◆ WHAT YOU WILL DO ◆
All of the data below is to be written out again exactly.

◆ DATA SHOWN ◆
==================================================

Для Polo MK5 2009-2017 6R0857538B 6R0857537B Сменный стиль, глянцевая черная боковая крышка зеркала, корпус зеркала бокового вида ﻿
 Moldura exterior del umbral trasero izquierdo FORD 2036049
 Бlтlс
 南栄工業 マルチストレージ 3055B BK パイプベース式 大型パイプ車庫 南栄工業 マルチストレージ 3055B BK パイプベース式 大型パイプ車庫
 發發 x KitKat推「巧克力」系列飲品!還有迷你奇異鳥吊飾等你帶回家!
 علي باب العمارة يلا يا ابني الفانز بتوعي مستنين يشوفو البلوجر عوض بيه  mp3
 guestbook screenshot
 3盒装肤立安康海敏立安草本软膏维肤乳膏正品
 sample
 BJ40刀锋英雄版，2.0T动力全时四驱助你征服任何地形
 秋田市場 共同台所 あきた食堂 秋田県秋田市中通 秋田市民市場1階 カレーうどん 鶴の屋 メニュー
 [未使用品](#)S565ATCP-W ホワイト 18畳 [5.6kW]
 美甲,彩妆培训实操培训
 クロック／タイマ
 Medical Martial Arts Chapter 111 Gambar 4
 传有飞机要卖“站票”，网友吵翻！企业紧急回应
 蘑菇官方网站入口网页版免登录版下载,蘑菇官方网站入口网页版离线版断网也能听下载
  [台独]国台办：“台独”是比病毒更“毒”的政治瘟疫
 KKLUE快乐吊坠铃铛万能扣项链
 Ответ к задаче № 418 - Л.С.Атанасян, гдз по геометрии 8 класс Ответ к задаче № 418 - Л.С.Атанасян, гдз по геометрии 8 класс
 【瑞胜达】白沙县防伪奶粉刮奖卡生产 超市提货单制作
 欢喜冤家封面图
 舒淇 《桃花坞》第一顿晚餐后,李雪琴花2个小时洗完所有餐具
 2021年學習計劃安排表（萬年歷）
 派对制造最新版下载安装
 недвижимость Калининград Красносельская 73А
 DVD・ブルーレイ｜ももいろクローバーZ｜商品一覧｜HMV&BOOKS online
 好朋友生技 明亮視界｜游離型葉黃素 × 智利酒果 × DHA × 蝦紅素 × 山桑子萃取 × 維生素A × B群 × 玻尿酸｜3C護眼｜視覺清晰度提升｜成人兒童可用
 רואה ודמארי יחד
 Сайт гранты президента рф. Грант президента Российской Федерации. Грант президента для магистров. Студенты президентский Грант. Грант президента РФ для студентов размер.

==================================================

◆ EXERCISE OUTPUT ◆
Для Polo MK5 2009-2017 6R0857538B 6R0857537B Сменный стиль, глянцевая черная боковая крышка зеркала, корпус зеркала бокового вида ﻿
 Moldura exterior del umbral trasero izquierdo FORD 2036049
 Бlтlс
 南栄工業 マルチストレージ 3055B BK パイプベース式 大型パイプ車庫 南栄工業 マルチストレージ 3055B BK パイプベース式 大型パイプ車庫
 發發 x KitKat推「巧克力」系列飲品!還有迷你奇異鳥吊飾等你帶回家!
 علي باب العمارة يلا يا ابني الفانز بتوعي مستنين يشوفو البلوجر عوض بيه  mp3
 guestbook screenshot
 3盒装肤立安康海敏立安草本软膏维肤乳膏正品
 sample
 BJ40刀锋英雄版，2.0T动力全时四驱助你征服任何地形
 秋田市場 共同台所 あきた食堂 秋田県秋田市中通 秋田市民市場1階 カレーうどん 鶴の屋 メニュー
 [未使用品](#)S565ATCP-W ホワイト 18畳 [5.6kW]
 美甲,彩妆培训实操培训
 クロック／タイマ
 Medical Martial Arts Chapter 111 Gambar 4
 传有飞机要卖“站票”，网友吵翻！企业紧急回应
 蘑菇官方网站入口网页版免登录版下载,蘑菇官方网站入口网页版离线版断网也能听下载
  [台独]国台办：“台独”是比病毒更“毒”的政治瘟疫
 KKLUE快乐吊坠铃铛万能扣项链
 Ответ к задаче № 418 - Л.С.Атанасян, гдз по геометрии 8 класс Ответ к задаче № 418 - Л.С.Атанасян, гдз по геометрии 8 класс
 【瑞胜达】白沙县防伪奶粉刮奖卡生产 超市提货单制作
 欢喜冤家封面图
 舒淇 《桃花坞》第一顿晚餐后,李雪琴花2个小时洗完所有餐具
 2021年學習計劃安排表（萬年歷）
 派对制造最新版下载安装
 недвижимость Калининград Красносельская 73А
 DVD・ブルーレイ｜ももいろクローバーZ｜商品一覧｜HMV&BOOKS online
 好朋友生技 明亮視界｜游離型葉黃素 × 智利酒果 × DHA × 蝦紅素 × 山桑子萃取 × 維生素A × B群 × 玻尿酸｜3C護眼｜視覺清晰度提升｜成人兒童可用
 רואה ודמארי יחד
 Сайт гранты президента рф. Грант президента Российской Федерации. Грант президента для магистров. Студенты президентский Грант. Грант президента РФ для студентов размер.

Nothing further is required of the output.